OAKLAND, Calif.--(BUSINESS WIRE)--Pandora (NYSE: P), the go-to music source for fans and artists, announced two important transactions at the conclusion of the strategic review the company disclosed on May 8, 2017. Driven by a focus on optimizing shareholder value, the company secured an agreement from SiriusXM to make a $480 million investment in the company and announced its sale of Ticketfly to Eventbrite for $200 million. In combination, these transactions arm the company with a strong balance sheet, sharpen operational focus, and strengthen the company’s board of directors.
"This is a very significant juncture in Pandora’s journey,” said Tim Westergren, Pandora’s CEO and founder. “After years of innovation and hard work we now have critical pieces in place: A massive and highly engaged audience, a market-leading digital advertising business, a best-in-class product portfolio, and a robust balance sheet that gives us the flexibility we need to attack what is becoming a larger and larger opportunity as digital music enters a new golden age."
“With a loyal quarterly audience of nearly 100 million Americans, Pandora is a powerhouse in the music ecosystem and by far the leading player in the growing world of digital audio advertising -- a category we believe is becoming increasingly prevalent in a world with young, hyper-mobile, multitasking consumers, and with a proliferation of connected devices with little or no user interface.”
“Pandora is now poised to advance to the next stage of the company’s lifecycle,” said Pandora Director, Tim Leiweke. “We are pleased that the conclusion of our strategic review resulted in a major investment by a world class company like SiriusXM, and with the sale of Ticketfly, we will now redouble our focus on execution supported by a strong balance sheet.”
With its highly successful personalized radio service, Pandora is well positioned to create a hybrid advertising/subscription model that can achieve success where others in the subscription music category may have struggled.
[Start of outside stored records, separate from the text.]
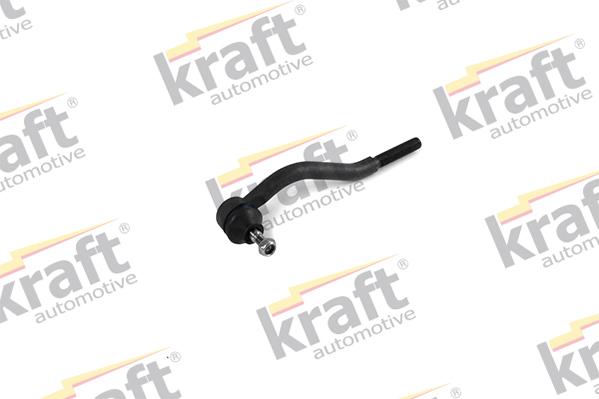 KRAFT AUTOMOTIVE 4315520 - Rotule de barre de connexion droxauto.com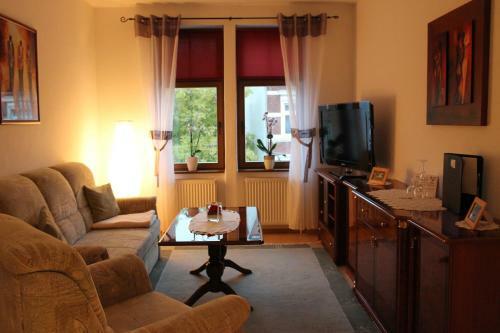 Hostal Pension La Rose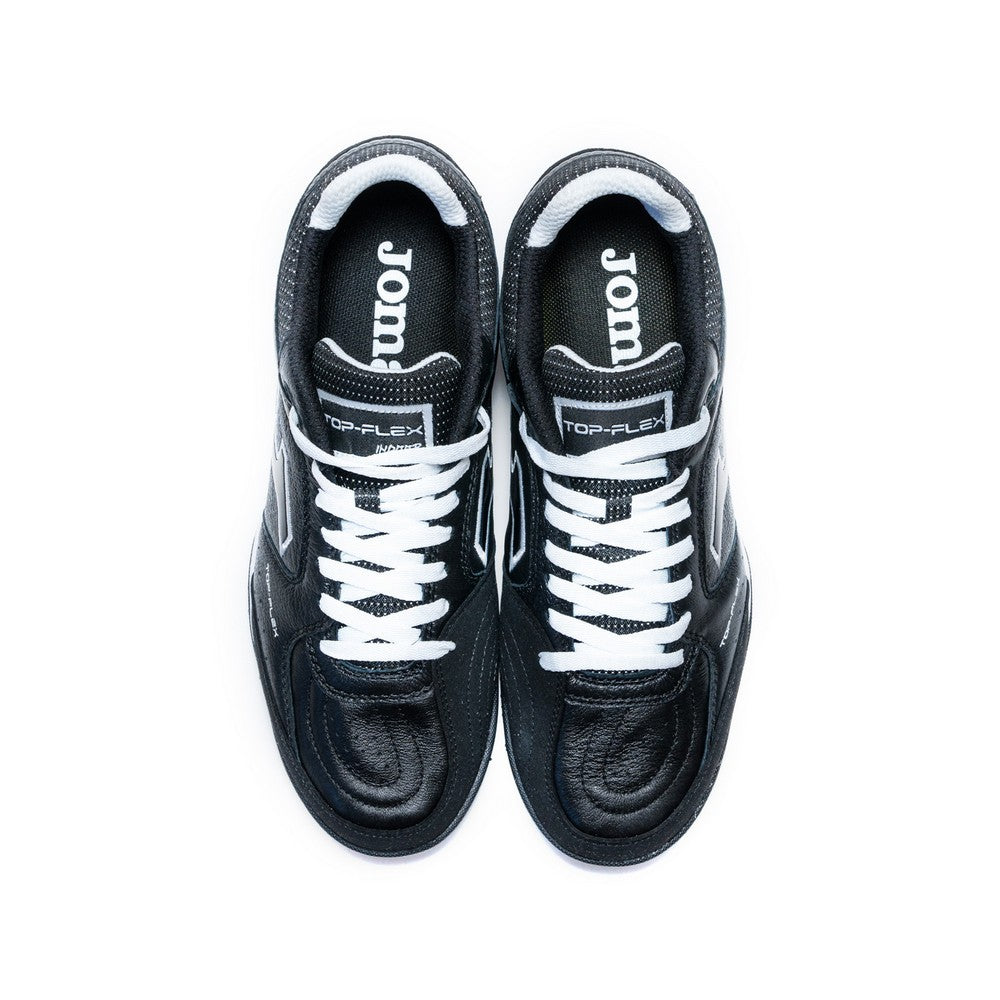 Botin-Joma-Top-Flex-2121-De-Hombre#5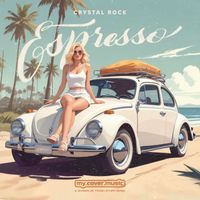 Crystal Rock - Espresso (Explicit)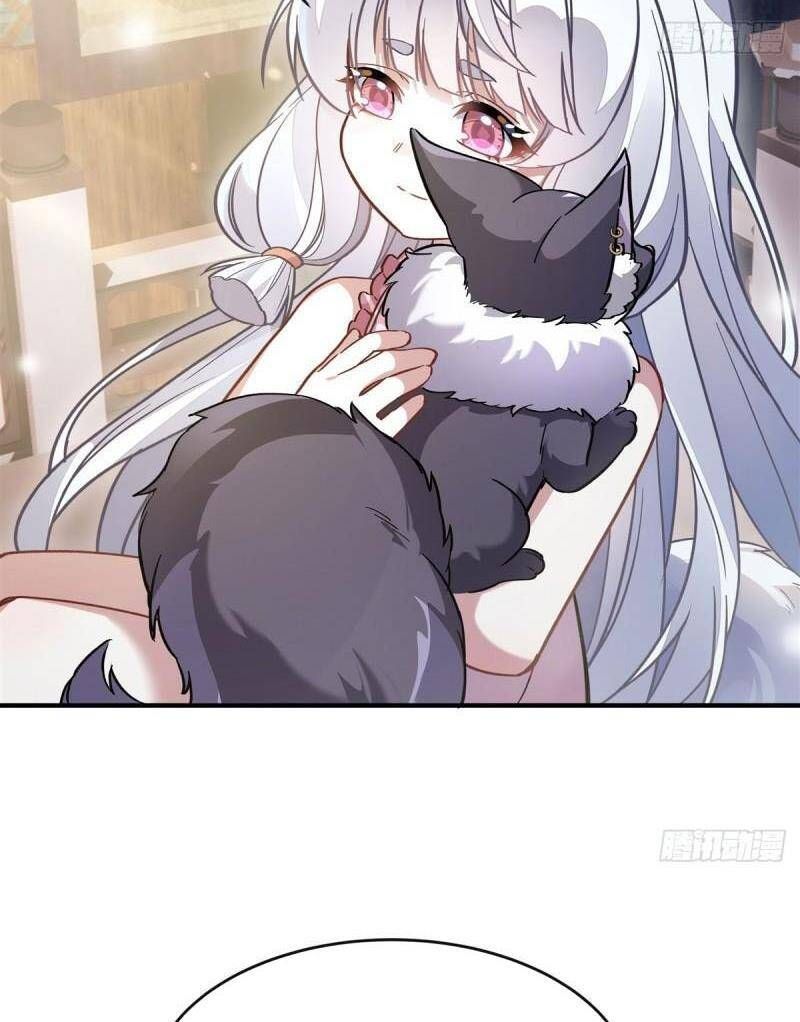 đọc truyện Các Nữ Đồ Đệ Của Ta Đều Là Chư Thiên Đại Lão Tương Lai Chương 182 ảnh 33 tại Thiên Thai Truyện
Underpinning all of this, of course, Pandora’s offerings remain the gold standard for a truly personalized music listening experience.
Ticketfly Sale Agreement
Pandora also announced that it has entered into a definitive agreement under which Eventbrite will acquire Pandora’s Ticketfly business for $200 million, funded through a combination of $150 million cash and a $50 million note payable to Pandora. In connection with the closing, Pandora and Eventbrite expect to enter into a commercial agreement that allows Pandora to substantially broaden the scale of its ticketing opportunities. Pandora believes that this type of commercial agreement is the best approach to ticketing, leveraging audience scale and targeting while minimizing the operational commitment. We expect to close the Ticketfly transaction in the third quarter of 2017.
Based on information available as of June 8, 2017 the Company is reiterating and affirming the financial guidance provided on the Q1 conference call on May 8, 2017. The guidance indicated that second quarter revenue is expected to be in the range of $360 million to $375 million and Adjusted EBITDA loss is expected to be in the range of $65 million to $50 million. Pandora reiterated that it expects full-year revenue in the range of $1.50 billion to $1.65 billion, prior to any adjustment for the sale of Ticketfly. The reconciliation of our adjusted EBITDA guidance to GAAP is contained in our Q117 financial results press release from May 8, 2017.
Additional information relating to the SiriusXM investment and the Ticketfly sale may be found in the applicable Form 8-K that will be filed by Pandora with the U.S. Securities and Exchange Commission.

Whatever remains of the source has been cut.